What is the advantage of storing schema in avro?

user2250246 picture user2250246 · Dec 13, 2013 · Viewed 19k times · Source

We need to serialize some data for putting into solr as well as hadoop.

I am evaluating serialization tools for the same.

The top two in my list are Gson and Avro.

As far as I understand, Avro = Gson + Schema-In-JSON

If that is correct, I do not see why Avro is so popular for Solr/Hadoop?

I have searched a lot on the Internet, but cannot find a single correct answer for this.

Everywhere it says, Avro is good because it stores schema. My question is what to do with that schema?

It may be good for very large objects in Hadoop where a single object is stored in multiple file blocks such that storing schema with each part helps to analyze it better. But even in that case, schema can be stored separately and just a reference to that is sufficient to describe the schema. I see no reason why schema should be part of each and every piece.

If someone can give me some good use case how Avro helped them and Gson/Jackson were insufficient for the purpose, it would be really helpful.

Also, official documentation at the Avro site says that we need to give a schema to Avro to help it produce Schema+Data. My question is, if schema is input and the same is sent to output along with JSON representation of data, then what extra is being achieved by Avro? Can I not do that myself by serializing an object using JSON, adding my input schema and calling it Avro?

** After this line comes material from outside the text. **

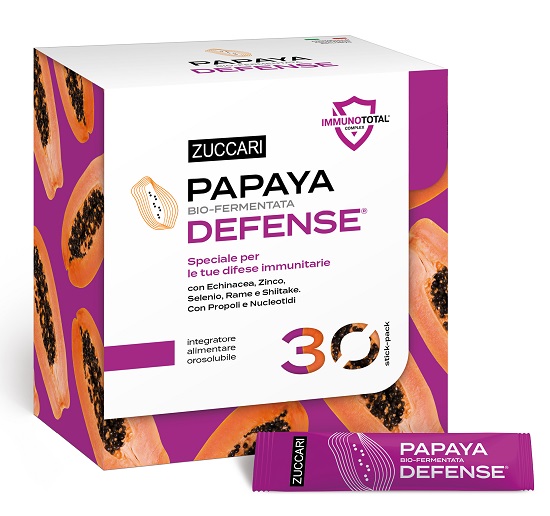 PAPAYA DEFENSE 30 BUSTINE - Farmacia Puddu Baire S.r.l.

I am really confused with this!

Answer

Vishal John picture Vishal John · Dec 13, 2013
  1. Evolving schemas

Suppose intially you designed an schema like this for your Employee class

{
{"name": "emp_name", "type":"string"},
{"name":"dob", "type":"string"},
{"name":"age", "type":"int"}
}

Later you realized that age is redundant and removed it from the schema.

{
{"name": "emp_name", "type":"string"},
{"name":"dob", "type":"string"}
}

What about the records that were serialized and stored before this schema change. How will you read back those records?

That's why the avro reader/deserializer asks for the reader and writer schema. Internally it does schema resolution ie. it tries to adapt the old schema to new schema.

Go to this link - http://avro.apache.org/docs/1.7.2/api/java/org/apache/avro/io/parsing/doc-files/parsing.html - section "Resolution using action symbols"

In this case it does skip action, ie it leaves out reading "age". It can also handle cases like a field changes from int to long etc..

This is a very nice article explaining schema evolution - http://martin.kleppmann.com/2012/12/05/schema-evolution-in-avro-protocol-buffers-thrift.html

  1. Schema is stored only once for multiple records in a single file.

  2. Size, encoded in very few bytes.